The difference is that LLVMgold.so is not used by LLVM or clang directly but by the system binutils, and so it must match the ABI of the linker. If you have 32-bit libclang*, LLVM_LIBDIR_SUFFIX is 32 but ld is still a 64-bit executable that needs 64-bit LLVMgold.so.

But how does that work? The LLVM libraries linked into LLVMgold.so can't be 32-bit if it is loaded into a 64-bit binutils.

Just to be clear, the suffix I'm talking about is used only in Driver to specify location of LLVMgold.so. The file is a part of a separate 64-bit install of LLVM (+ clang) which obviously has all the necessary 64-bit libraries.

I'm not sure it really makes sense for the Clang driver to go hunting for an LLVMgold.so from an unrelated build of Clang and LLVM.

The Clang driver is going to run a particular CC1 invocation, ask it to produce bitcode, and then hand that to a linker invocation and give it a plugin to read that bitcode. I think it is reasonable for the only plugin it looks for to be the one installed alongside its lib/clang/... and not one from some other installation in some other directory. How would it even know that this other LLVMgold.so can read the bitcode that CC1 is producing? What if they're different versions? Or support different targets?

I'm not sure it really makes sense for the Clang driver to go hunting for an LLVMgold.so from an unrelated build of Clang and LLVM.

The Clang driver is going to run a particular CC1 invocation, ask it to produce bitcode, and then hand that to a linker invocation and give it a plugin to read that bitcode. I think it is reasonable for the only plugin it looks for to be the one installed alongside its lib/clang/... and not one from some other installation in some other directory. How would it even know that this other LLVMgold.so can read the bitcode that CC1 is producing? What if they're different versions? Or support different targets?

Well, this is the builder/distributor's responsibility. If they override this specific suffix, they need to ensure that the value is correct.

That said, I don't mind using the generic runtimes directory approach, that is having LLVMgold.so relative to lib/clang. However, in this case it would probably be reasonable to adjust the install path in LLVM as well (the move of runtimes path to LLVM was requested separately).

Another option is to just pass --plugin=LLVMgold.so and rely on the linker search instead of providing a full path. However, I guess that might break some uncommon installations.

I'm not sure it really makes sense for the Clang driver to go hunting for an LLVMgold.so from an unrelated build of Clang and LLVM.

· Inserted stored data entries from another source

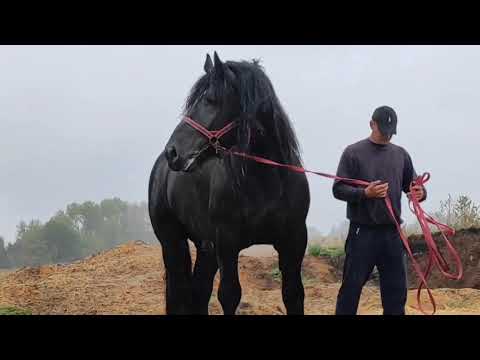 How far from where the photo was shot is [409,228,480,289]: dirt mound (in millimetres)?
10265

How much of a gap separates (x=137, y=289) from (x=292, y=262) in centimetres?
607

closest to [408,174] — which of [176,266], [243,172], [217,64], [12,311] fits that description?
[243,172]

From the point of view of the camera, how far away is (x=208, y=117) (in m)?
4.25

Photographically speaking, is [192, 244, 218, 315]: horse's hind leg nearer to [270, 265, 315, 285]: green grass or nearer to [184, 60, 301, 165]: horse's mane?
[184, 60, 301, 165]: horse's mane

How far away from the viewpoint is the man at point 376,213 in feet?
13.3

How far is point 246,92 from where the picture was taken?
421 centimetres

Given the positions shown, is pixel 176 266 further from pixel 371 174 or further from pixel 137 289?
pixel 137 289

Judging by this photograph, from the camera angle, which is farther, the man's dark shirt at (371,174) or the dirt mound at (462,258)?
the dirt mound at (462,258)

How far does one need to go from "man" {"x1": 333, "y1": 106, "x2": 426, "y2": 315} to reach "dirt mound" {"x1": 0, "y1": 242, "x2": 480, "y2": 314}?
11.7 ft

The Clang driver is going to run a particular CC1 invocation, ask it to produce bitcode, and then hand that to a linker invocation and give it a plugin to read that bitcode. I think it is reasonable for the only plugin it looks for to be the one installed alongside its lib/clang/... and not one from some other installation in some other directory. How would it even know that this other LLVMgold.so can read the bitcode that CC1 is producing? What if they're different versions? Or support different targets?

Well, this is the builder/distributor's responsibility. If they override this specific suffix, they need to ensure that the value is correct.

That said, I don't mind using the generic runtimes directory approach, that is having LLVMgold.so relative to lib/clang. However, in this case it would probably be reasonable to adjust the install path in LLVM as well (the move of runtimes path to LLVM was requested separately).

I think all of these options are just way too much magic to support a very strange use case (IMO). Mixing and matching a 32-bit Clang build with a 64-bit LLVMgold build and expecting magic flags like '-flto' to Just Work seems like too much.

It isn't like this prevents users from directly specifying things. The syntax isn't even that crazy. And that way they'll know what they're getting.

Another option is to just pass --plugin=LLVMgold.so and rely on the linker search instead of providing a full path. However, I guess that might break some uncommon installations.

Sure. Or we could tell users to directly do this and keep the '-flto' behavior maximally simple and predictable.

mgorny abandoned this revision.Oct 27 2016, 1:05 AM

Works for me. I don't know if this even has a valid failure case, just felt uneasy about having the obviously-wrong path in code.